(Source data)
____
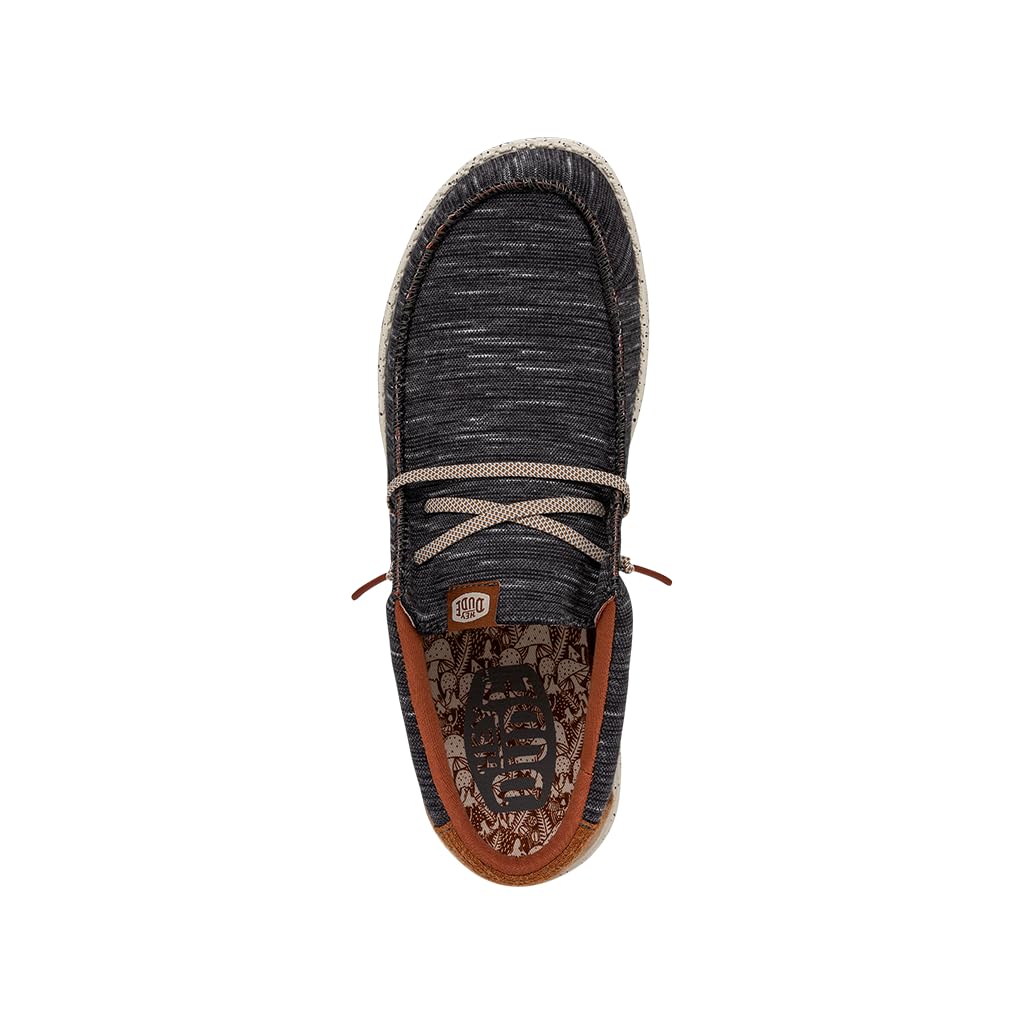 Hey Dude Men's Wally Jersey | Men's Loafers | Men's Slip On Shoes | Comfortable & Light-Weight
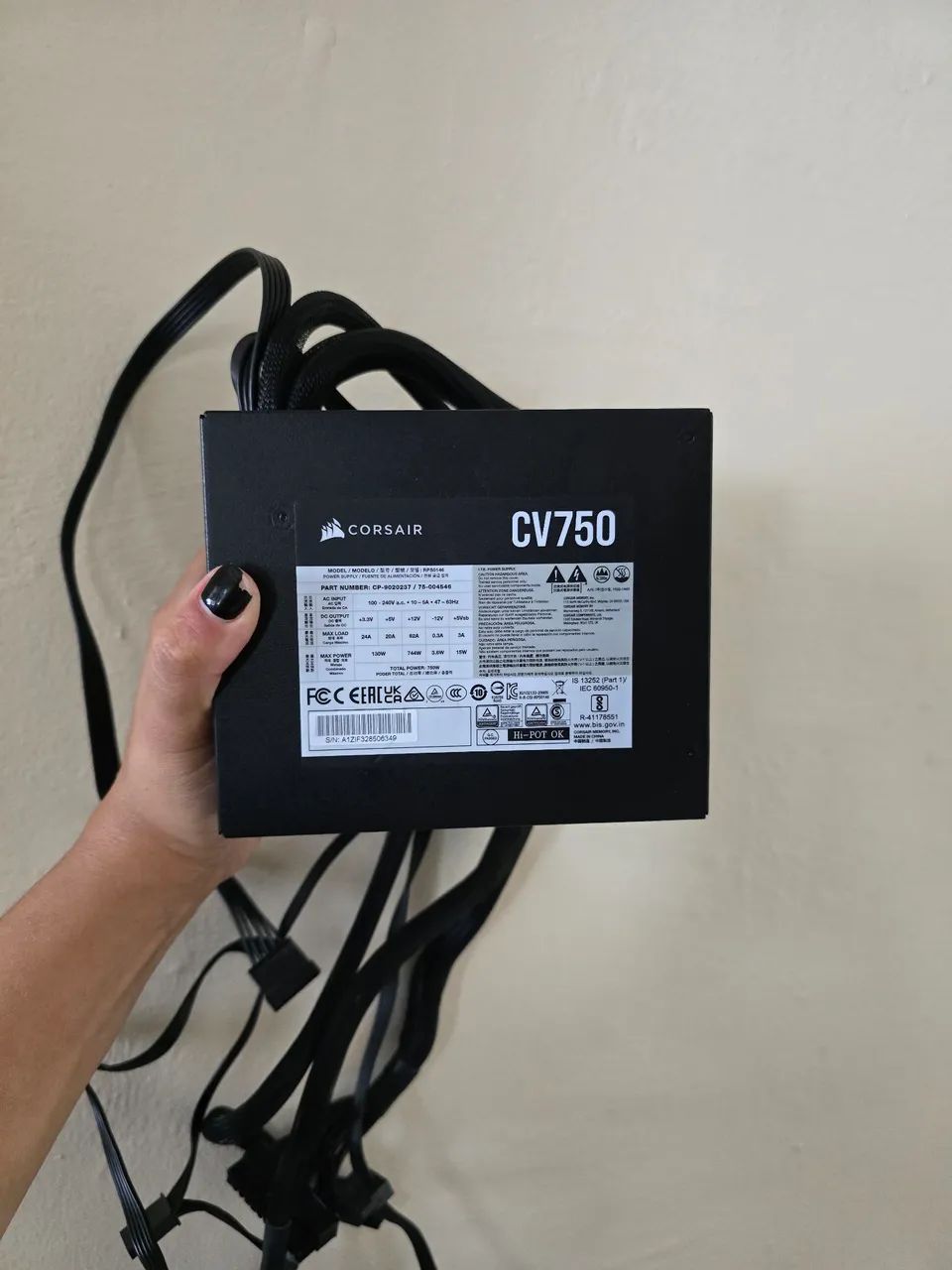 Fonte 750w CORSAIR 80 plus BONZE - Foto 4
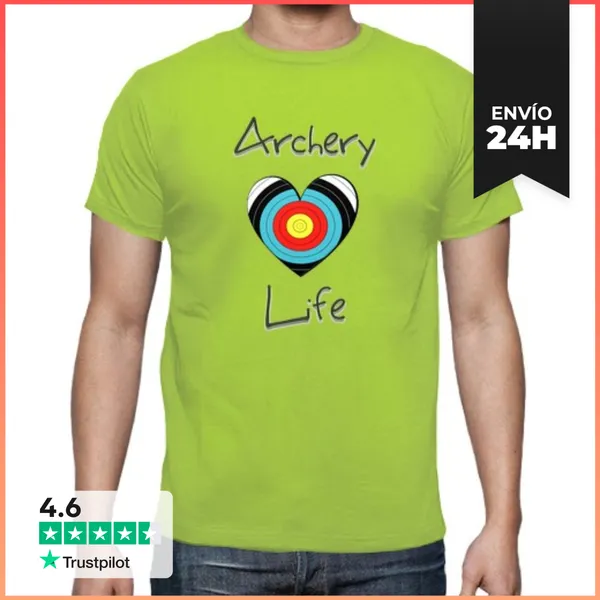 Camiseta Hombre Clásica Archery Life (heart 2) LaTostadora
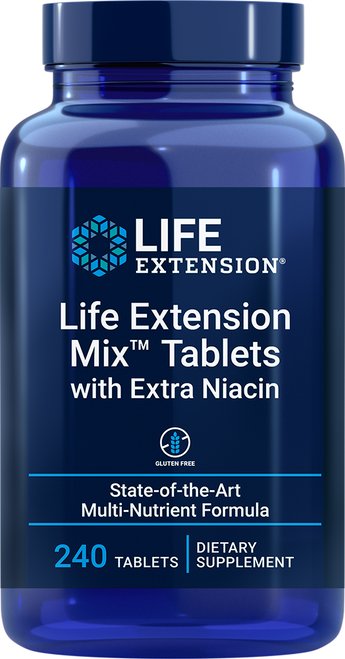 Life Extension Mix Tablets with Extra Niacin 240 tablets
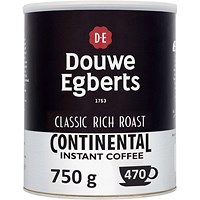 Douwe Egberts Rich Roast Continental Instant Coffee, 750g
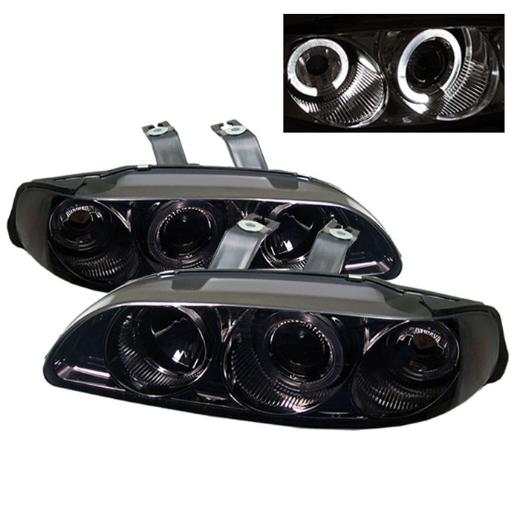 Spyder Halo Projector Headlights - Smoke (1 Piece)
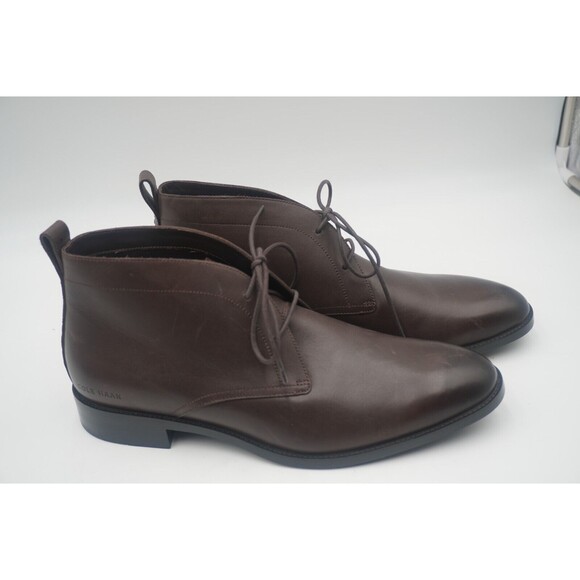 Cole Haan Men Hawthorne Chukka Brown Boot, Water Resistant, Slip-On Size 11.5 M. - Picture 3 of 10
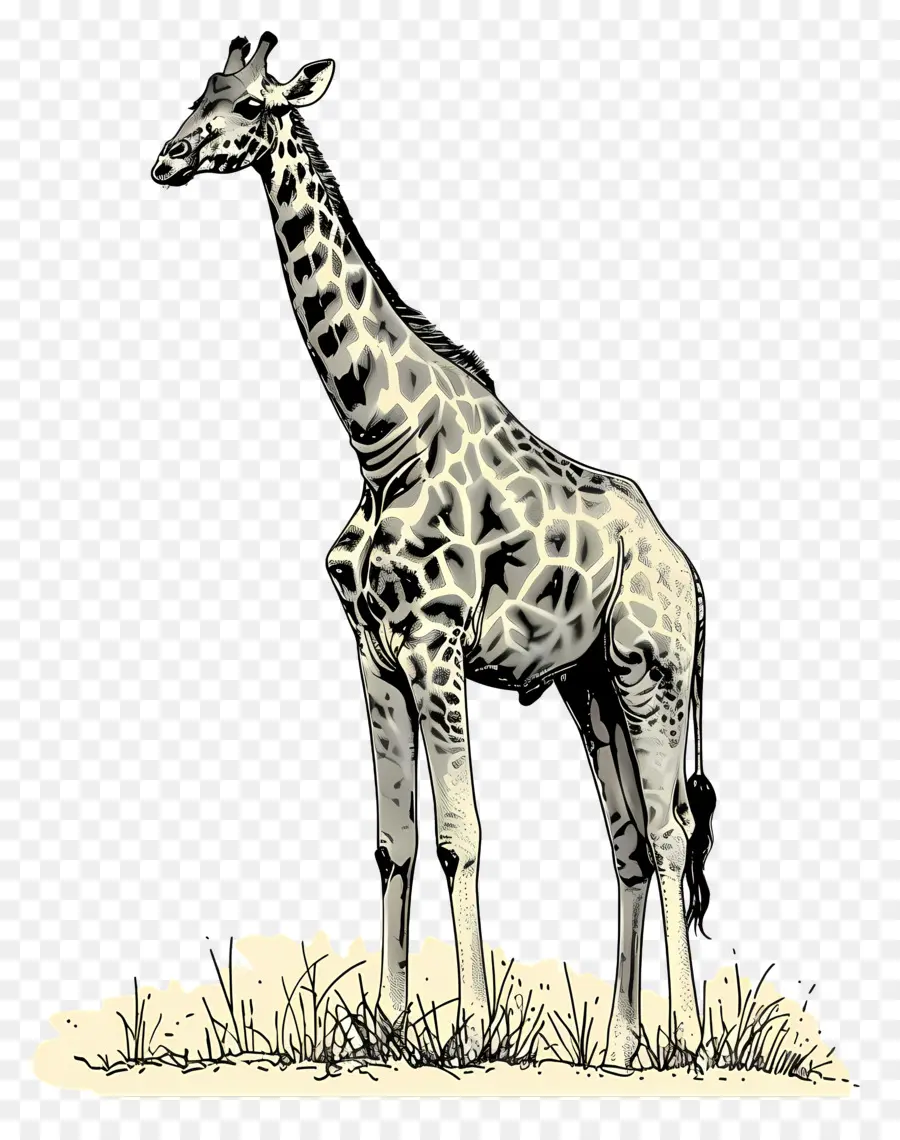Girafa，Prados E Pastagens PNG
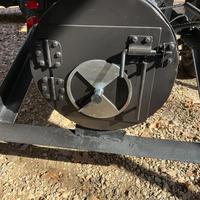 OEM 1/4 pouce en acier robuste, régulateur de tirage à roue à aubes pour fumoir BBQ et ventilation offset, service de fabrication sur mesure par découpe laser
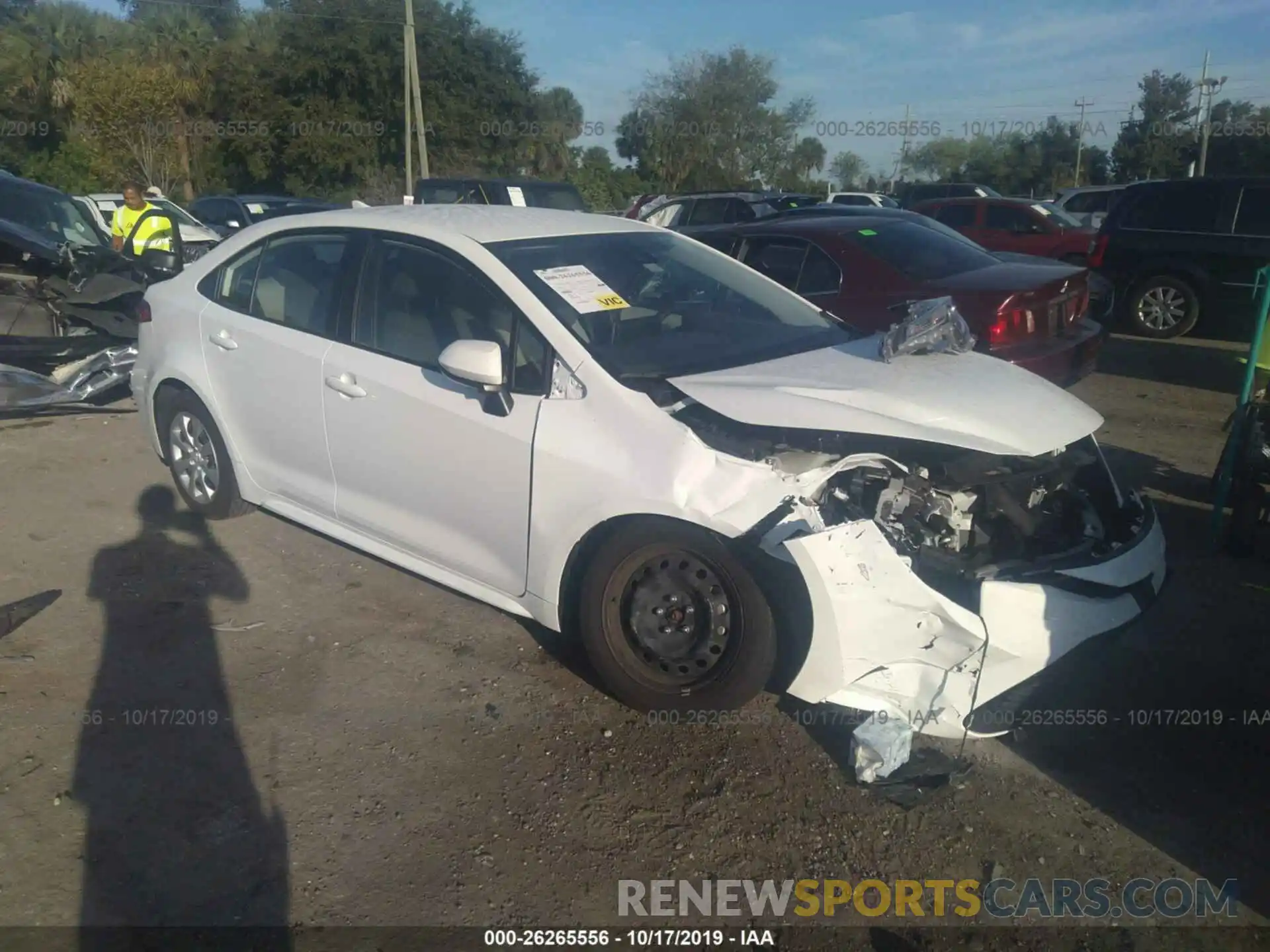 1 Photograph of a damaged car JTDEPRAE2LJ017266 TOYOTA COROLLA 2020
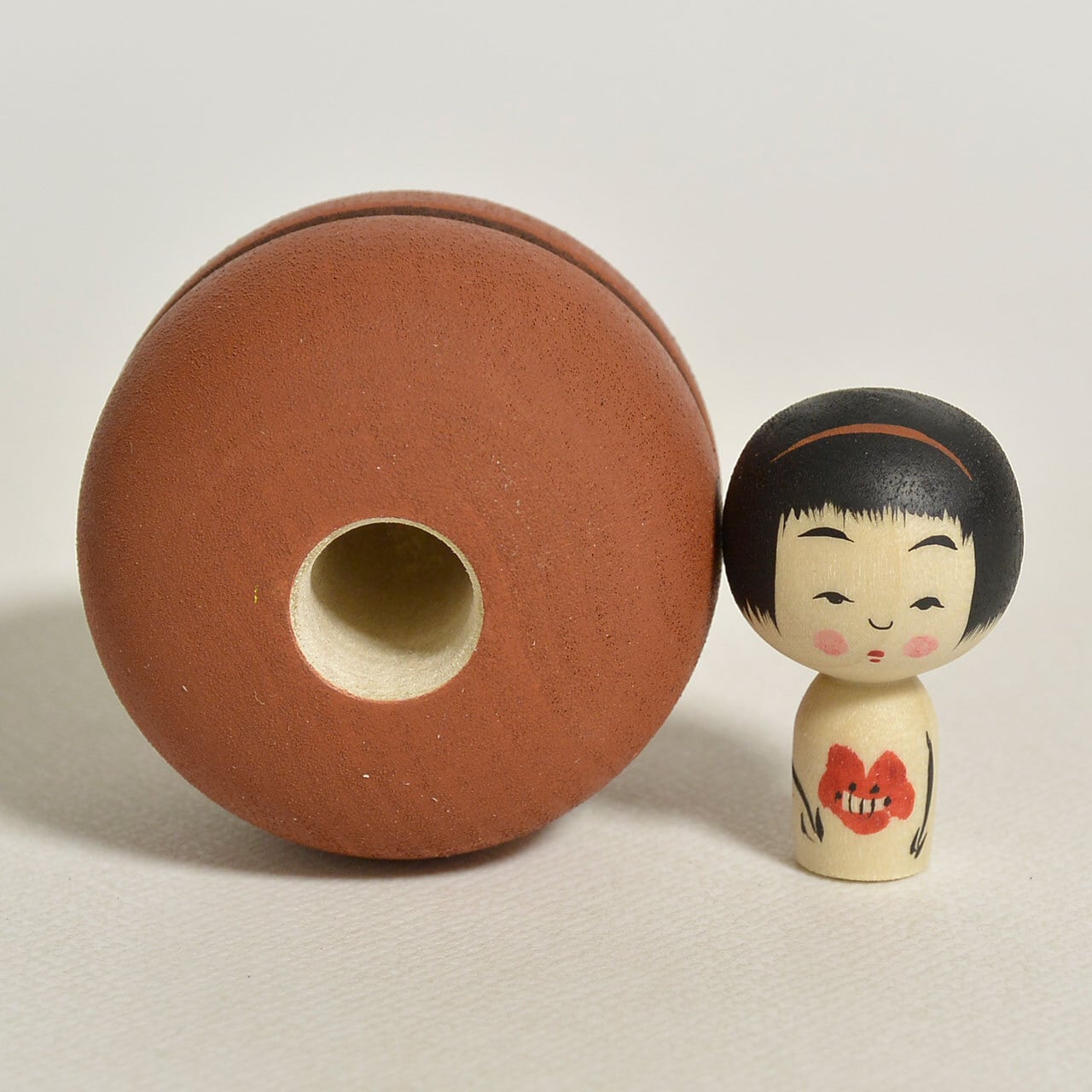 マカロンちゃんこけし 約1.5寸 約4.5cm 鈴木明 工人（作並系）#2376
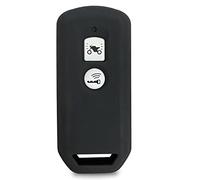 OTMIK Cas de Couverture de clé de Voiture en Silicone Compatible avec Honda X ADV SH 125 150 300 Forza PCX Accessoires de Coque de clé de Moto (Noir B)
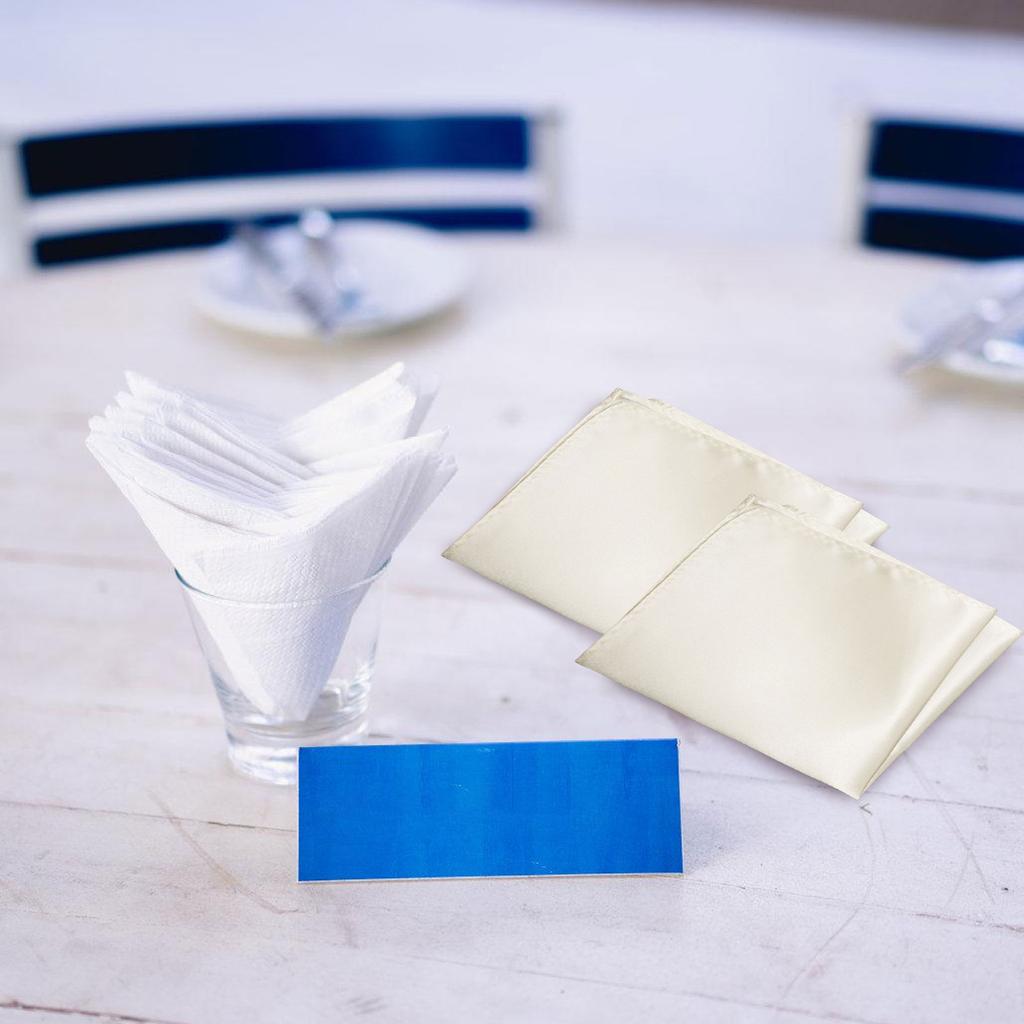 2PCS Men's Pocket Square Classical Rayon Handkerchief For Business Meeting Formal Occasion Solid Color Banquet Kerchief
____
### EXERCISE
Copy out every entry above, character for character, excluding pictures.

### EXPECTED ANSWER
 Hey Dude Men's Wally Jersey | Men's Loafers | Men's Slip On Shoes | Comfortable & Light-Weight
 Fonte 750w CORSAIR 80 plus BONZE - Foto 4
 Camiseta Hombre Clásica Archery Life (heart 2) LaTostadora
 Life Extension Mix Tablets with Extra Niacin 240 tablets
 Douwe Egberts Rich Roast Continental Instant Coffee, 750g
 Spyder Halo Projector Headlights - Smoke (1 Piece)
 Cole Haan Men Hawthorne Chukka Brown Boot, Water Resistant, Slip-On Size 11.5 M. - Picture 3 of 10
Girafa，Prados E Pastagens PNG
 OEM 1/4 pouce en acier robuste, régulateur de tirage à roue à aubes pour fumoir BBQ et ventilation offset, service de fabrication sur mesure par découpe laser
 1 Photograph of a damaged car JTDEPRAE2LJ017266 TOYOTA COROLLA 2020
 マカロンちゃんこけし 約1.5寸 約4.5cm 鈴木明 工人（作並系）#2376
 OTMIK Cas de Couverture de clé de Voiture en Silicone Compatible avec Honda X ADV SH 125 150 300 Forza PCX Accessoires de Coque de clé de Moto (Noir B)
 2PCS Men's Pocket Square Classical Rayon Handkerchief For Business Meeting Formal Occasion Solid Color Banquet Kerchief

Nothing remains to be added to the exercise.